Мы обосновались в одной из комнат, оборудованной под кабинет пыток, поскольку был слегка испачкан кровью.

– Ничего не забыл?

– Такое не забывается. А что случилось?

– Шеф сейчас придёт, у него и спрашивай.

Появился мужчина в штатском, напоминающий капитана мушкетёров при дворе Людовика 14-го. Он сразу обратился ко мне.

– Добрый вечер, доктор, – сказал он, хотя на дворе давно стояла добрая ночь, – прошу прощения за беспокойство. Я начальник отдела борьбы с организованной преступностью, вот моё удостоверение… Я введу в курс дела.
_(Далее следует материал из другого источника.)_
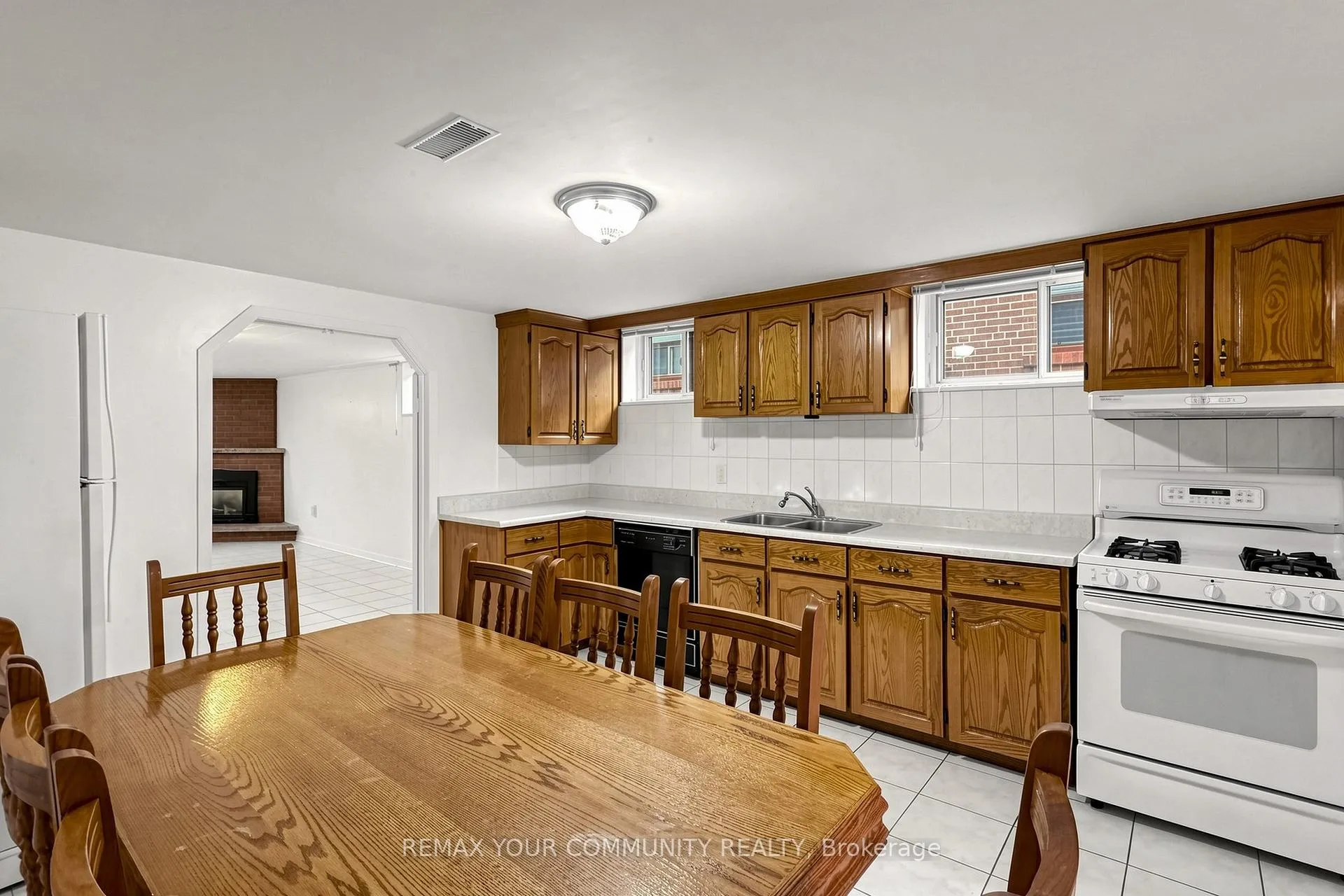 Photo 27 of 21 Gade Drive, North York, Downsview-Roding-CFB — HOMEH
В общем, так… Только что мы закончили операцию, в результате которой задержаны несколько человек. И один из них немного пострадал. Чистая ерунда. Только в изолятор не принимают. Считают, требуется стационар. А с ним, между прочим, работать нужно. Начальство подгоняет. В стационаре, сами понимаете, какая работа? Да ещё охрана нужна, в туалет водить. Мне где взять охрану, когда в отделе всего шесть человек? Короче, доктор, нам нужна ваша справка.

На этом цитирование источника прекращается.